Exams are shrouded in fantasy and myth – and it is this that causes the most panic. In order to pass we are told that we have to dedicate a minimum amount of time towards revision. One senior tutor recently circulated some advice recommending sixty hours revision a week. The truth is that, for some, leaving it all to the last minute and cramming the night before is sufficient. For others of course, this won’t work. But there is not one rule for everyone.
And therein lies the problem. We act (and feel) like we’re all in the same boat – when we’re not. Some people came here to get a degree and that is their raison d‘etre. I have a lot of respect for these people. I’m in no position to judge whether they make up the vast majority of students at Cambridge – though I expect the proportion is much higher here than at many other universities. Their stress is inevitable and thus quite understandable.

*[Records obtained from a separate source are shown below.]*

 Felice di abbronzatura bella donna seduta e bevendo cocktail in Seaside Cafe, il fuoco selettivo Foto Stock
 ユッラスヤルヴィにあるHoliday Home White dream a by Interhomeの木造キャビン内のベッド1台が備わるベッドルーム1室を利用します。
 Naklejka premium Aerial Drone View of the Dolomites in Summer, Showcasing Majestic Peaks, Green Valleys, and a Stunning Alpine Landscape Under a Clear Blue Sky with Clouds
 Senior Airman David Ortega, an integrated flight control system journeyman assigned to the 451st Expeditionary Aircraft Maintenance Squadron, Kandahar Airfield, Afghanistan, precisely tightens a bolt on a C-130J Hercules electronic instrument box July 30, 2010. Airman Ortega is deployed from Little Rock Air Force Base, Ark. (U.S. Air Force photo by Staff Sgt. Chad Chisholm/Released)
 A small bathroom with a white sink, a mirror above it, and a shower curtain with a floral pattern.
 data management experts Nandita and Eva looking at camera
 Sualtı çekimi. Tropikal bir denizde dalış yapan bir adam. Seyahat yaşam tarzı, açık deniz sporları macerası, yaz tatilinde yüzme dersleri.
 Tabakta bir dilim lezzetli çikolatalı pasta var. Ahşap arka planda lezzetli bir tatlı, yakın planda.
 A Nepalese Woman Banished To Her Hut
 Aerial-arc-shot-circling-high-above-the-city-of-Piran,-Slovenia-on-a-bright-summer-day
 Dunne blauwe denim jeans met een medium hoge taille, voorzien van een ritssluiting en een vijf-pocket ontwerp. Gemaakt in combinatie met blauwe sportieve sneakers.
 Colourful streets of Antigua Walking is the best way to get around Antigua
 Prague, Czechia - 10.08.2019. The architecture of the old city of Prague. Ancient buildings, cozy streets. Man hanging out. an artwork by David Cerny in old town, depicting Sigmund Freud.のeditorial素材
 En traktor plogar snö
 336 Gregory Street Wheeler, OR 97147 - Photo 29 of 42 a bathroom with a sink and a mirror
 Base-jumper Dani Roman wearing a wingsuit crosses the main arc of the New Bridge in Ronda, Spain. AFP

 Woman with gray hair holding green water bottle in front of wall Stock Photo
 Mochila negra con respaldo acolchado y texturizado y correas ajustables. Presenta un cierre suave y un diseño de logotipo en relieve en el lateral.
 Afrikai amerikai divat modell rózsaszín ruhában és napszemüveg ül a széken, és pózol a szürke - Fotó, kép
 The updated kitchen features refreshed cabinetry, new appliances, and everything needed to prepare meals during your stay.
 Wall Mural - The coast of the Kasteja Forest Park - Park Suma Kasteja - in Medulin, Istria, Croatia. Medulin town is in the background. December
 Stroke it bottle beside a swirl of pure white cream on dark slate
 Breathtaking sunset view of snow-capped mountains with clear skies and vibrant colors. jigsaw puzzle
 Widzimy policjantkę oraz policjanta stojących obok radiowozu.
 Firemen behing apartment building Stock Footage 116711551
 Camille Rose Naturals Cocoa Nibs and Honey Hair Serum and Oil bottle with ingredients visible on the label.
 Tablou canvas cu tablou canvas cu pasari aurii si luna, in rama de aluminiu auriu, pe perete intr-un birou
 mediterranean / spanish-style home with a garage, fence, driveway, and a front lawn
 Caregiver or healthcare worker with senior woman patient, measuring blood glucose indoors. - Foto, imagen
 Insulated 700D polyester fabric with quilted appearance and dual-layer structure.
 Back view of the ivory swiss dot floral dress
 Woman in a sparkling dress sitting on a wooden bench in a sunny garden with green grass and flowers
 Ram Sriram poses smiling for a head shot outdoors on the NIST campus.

For a lot of us though, our priorities lie elsewhere: theatre, student journalism, the current series of The Apprentice. If the reason you’re panicking is because you’re convinced other people are working harder than you, then that’s because they almost certainly are. It doesn’t mean that you’re not doing enough (I did manage to pick up some logic after all).
Discussing revision progress with other people presents another potential hazard. Such conversations are inevitably punctuated with lies. There are those who downplay the amount of revision they’re doing in case it all goes tits-up. This is extremely frustrating when you know they’re lying – and in most cases, it’s obvious – as it makes your revision look minuscule in comparison.
I’m the other sort of offender. I tell people that I’m doing a hell of a lot of work. But I’m not. I’d rather tell a fib than witness the look of panic in someone else’s eyes when I confess how little I’ve done. Having said that, perhaps I am really in the first category and trying to convince myself (and you) that I’m not doing much work so that if I do fail it will come as less of blow.
What’s right for one person, isn’t necessarily right for another. Only you really know how much revision you need to do, and you should ignore what others tell you. If your revision strategy was good enough to get you into Cambridge, I doubt it’ll let you down now.
I cannot pretend that exams are not important. For better or worse, they’re needed to progress in life. Failure is obviously the very worst outcome for any student.
But let’s imagine you do fail. If you’re a first year, you may well get away with it. If you’re a second year, you will probably be given another chance. If you’re a third year (and you haven’t bagged a job) just put University of Cambridge at the top of your CV and big up the extra curricula material.
Do you remember that feeling of elation you got when you first found out you’d got into Cambridge? I cried. I asked the woman talking to me down the phone what her name was, promising to christen my first child after her. She told me it was India and we agreed I’d use it as a middle name instead. I then proceeded to play Journey’s “Don’t Stop Believing” on repeat for at least an hour.
I was convinced then that my life was set. It wasn’t. I had no idea what was ahead. Success and failure are fleeting – and you’re never actually finished when you think you are. Live or die, these exams are just another one of these moments and that moment will pass – whether you do or not.